I'm trying to use scipy.optimize.minimize()
for a constrained optimization. If we call the solution of the minimizazion problem s
, the constraints I'm trying to implement set s[0] = 0
and s[-1] = 1
. Here's a minimal script to reproduce the error I get:
import numpy as np
from scipy.optimize import minimize
def potential( x, y ):
x2 = x * x
x4 = x2 * x2
y2 = y * y
y5 = ( y - 5./3. ) * ( y - 5./3. )
y3 = ( y - 1./3. ) * ( y - 1./3. )
y34 = y3 * y3
x_1 = ( x - 1. ) * ( x - 1. )
x1 = ( x + 1. ) * ( x + 1. )
pot = 5. * np.exp( -x2 - y2 ) - 3. * np.exp( - x2 - y5 ) - 5. * np.exp( - x_1 - y2 ) - 5. * np.exp( - x1 - y2 ) + 0.2 * x4 + 0.2 * y34
return pot
def functional( q, x_new, y_new ):
I = 0
beta = 1./6.67
dl = 0.2
dl2 = dl**2
for k in range(1, len(q) - 1):
ngradU = ( potential(x_new[k+1], y_new[k+1]) - potential(x_new[k], y_new[k]) ) / dl
I += ( beta/dl2 * ( q[k+1] + q[k-1] - 2. * q[k] ) + beta/2. * (q[k+1] - q[k]) * ngradU )**2
return I
def delta(i, k):
if( i == k ):
return 1.
else:
return 0.
def derivative( q, x_new, y_new ):
beta = 1./6.67
dl = 0.2
dl2 = dl**2
der = np.zeros_like(q)
for j in range(len(q)):
for k in range(1, len(q) - 1):
ngradU = ( potential(x_new[k+1], y_new[k+1]) - potential(x_new[k], y_new[k]) ) / dl
deltas = beta/dl2 * ( delta(k+1, j) + delta(k-1,j) - 2. * delta(k,j) ) - beta/dl * ngradU * ( delta(k+1, j) - delta(k,j) )

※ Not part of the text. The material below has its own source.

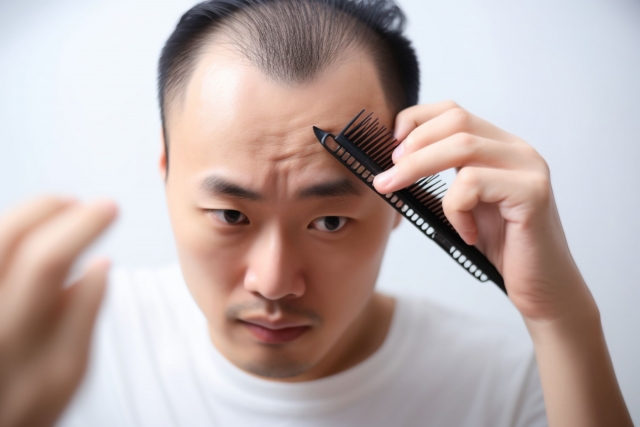 薬の限界を感じた50代へ：植毛治療のメリット・デメリットと「生涯コスト」で考える費用対効果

der[j] += ( beta/dl2 * ( q[k+1] + q[k-1] - 2. * q[k] ) + beta/2. * (q[k+1] - q[k]) * ngradU ) * deltas
return der
### MAIN
x_new = [-0.75956243, -0.63528643, -0.49338262, -0.35764855, -0.23954228, -0.12408018, 0.02134918, 0.20379693, 0.32454737, 0.43119557, 0.54225072, 0.66211977, 0.78198882]

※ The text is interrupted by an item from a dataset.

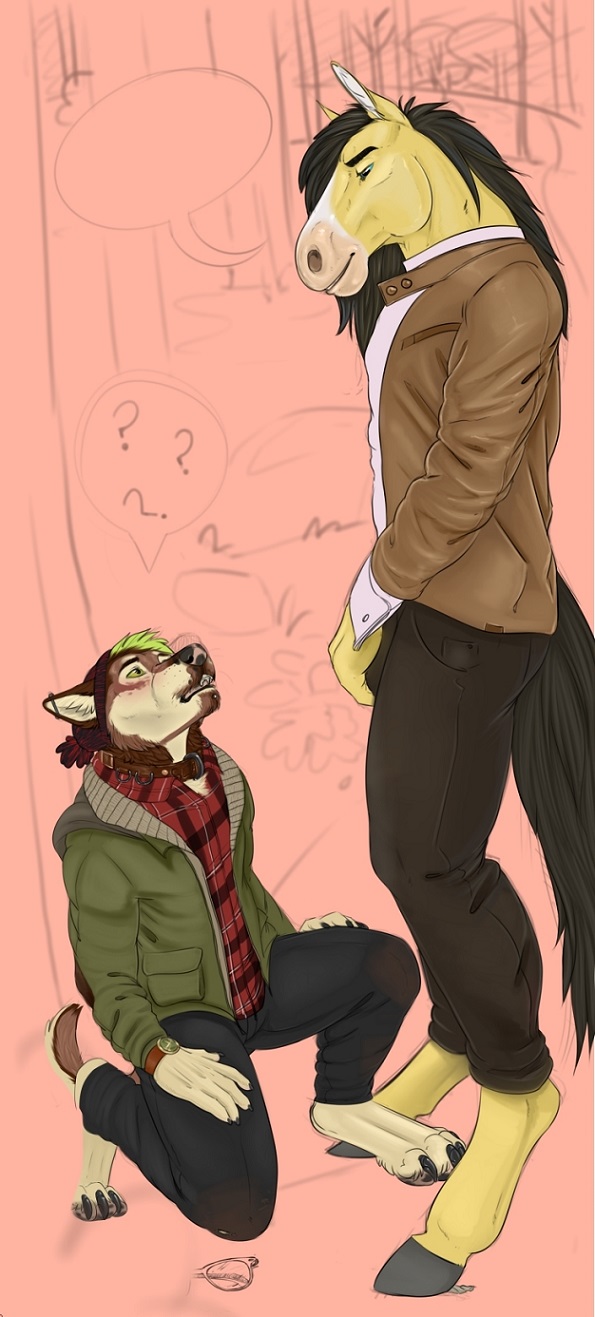 Artist - Homogenousrule page 8 full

y_new = [0.55944712, 0.70475988, 0.83125047, 0.96420533, 1.11378898, 1.26572396, 1.38819039, 1.33494757, 1.18824942, 1.03070726, 0.87501396, 0.7275383, 0.57900219]
s = [ 0.07453653, 0.14188005, 0.21413291, 0.28632847, 0.35839168, 0.43770331, 0.51499522, 0.58833728, 0.66737105, 0.73637078, 0.80085735, 0.86481271, 0.92374577]
cons = ({'type': 'eq',
'fun' : lambda x: x[0],
'jac' : lambda x: x[0]},
{'type': 'eq',
'fun' : lambda x: x[-1],
'jac' : lambda x: x[-1]})
res = minimize(functional, s, method='SLSQP', jac=derivative, constraints=cons, options={'disp': True}, args=(x_new, y_new))
The error is the following:
ValueError: all the input array dimensions except for the concatenation axis must match exactly
The lengths of x_new
, y_new
and s
match perfectly, so my guess is that I'm doing something wrong with the constraints. Indeed, when I use method='CG'
with the exact same parameters - and not including contstraints - the calculation runs flawlessly.
Thanks for the help!
The bug is your jac
in the cons
.
'jac' : lambda x: x[0]
Your x
is an array, the jac
of an array should produce an array. You can fix it by just removing this jac
or fix it by correct dimenstion.
'CG' method can't handle constraint, thus your cons
is simply ignored, that's why you haven't found this error in 'CG'.